As many older people visit GPs, an opportunity exists for the identification of depression and suicidal ideation and appropriate treatment.1,5,6 There are guidelines for GPs in New Zealand regarding the recognition, treatment, and management of both depression and youth suicidal behaviour. Similar guidelines could be developed that address other age groups—and that information could then be re-presented to GPs every few years to refresh their understanding and to capture new and locum staff. It is important that the differing presentations of elderly people are recognised, and that specialist questioning skills are used.
The signs of suicide amongst adults are often not recognised by the relatives and friends of older people and by the general community.6 Public awareness raising with regards to elder suicide should be considered. Finally, research is required that helps to illuminate the causes and treatment of self-inflicted death by older people.
Name withheld by request

References:
  1. Caine ED, Conwell Y. Suicide in the elderly. Int Clin Psychopharmacol. 2001;16(Suppl 2):S25–S30.
  2. Harwood D, Jacoby R. Suicide behaviour among the elderly. In: Hawton K, van Heeringen K, editors. The International Handbook of Suicide and Attempted Suicide. New York: Wiley; 2000. p275–91.
  3. Rubenowitz E, Waern M, Wilhelmson K, Allebeck P. Life events and psychosocial factors in elderly suicides – a case-control study. Psychol Med. 2001;31:1193–1202.
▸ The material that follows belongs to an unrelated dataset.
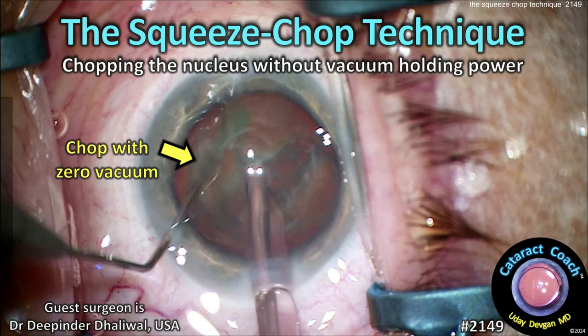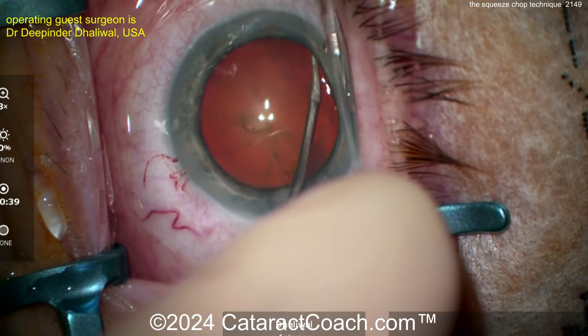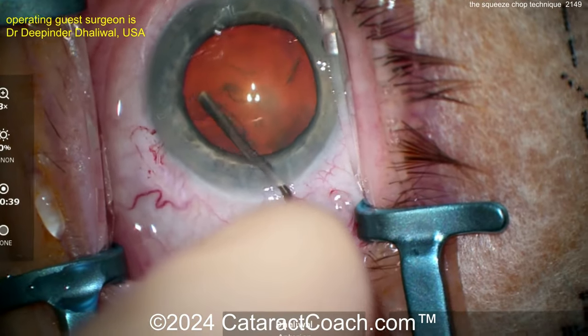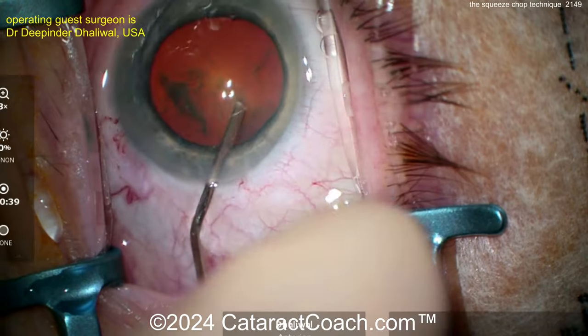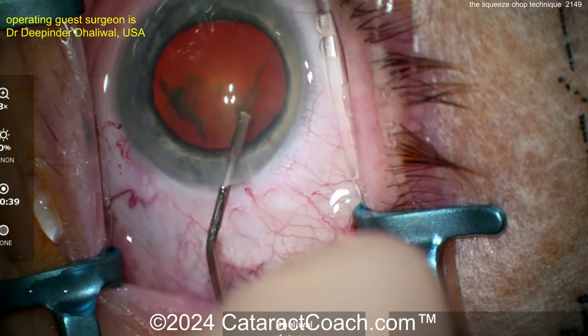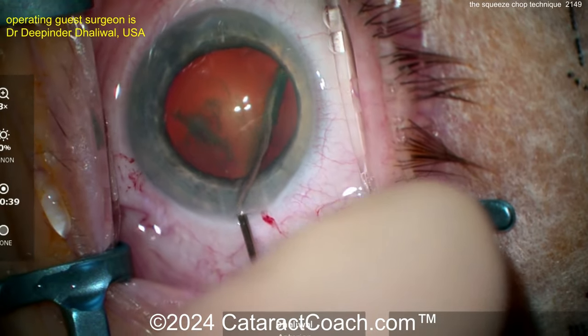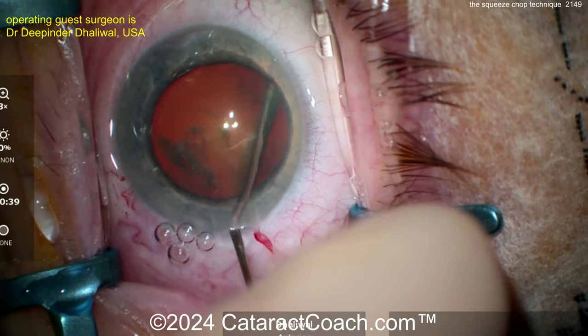CataractCoach.com — the squeeze chop technique: chopping the nucleus without vacuum holding power. This technique is from Dr. Dipinder Dhaliwal, who was our podcast guest here on CataractCoach.com. In that podcast she talked about her routine phaco technique, which is this: the squeeze chop technique.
  4. Waern M, Rubenowitz E, Runeson B, et al. Burden of illness and suicide in elderly people: case-control study. BMJ. 2002;324:1–4.
  5. Waern M, Runeson BS, Allebeck P, et al. Mental disorder in elderly suicides: a case-control study. Am J Psychiatry. 2002;159:3:450–5.
  6. Beautrais AL. A case control study of suicide and attempted suicide in older adults. Suicide Life Threat Behav. 2002;32:1–9.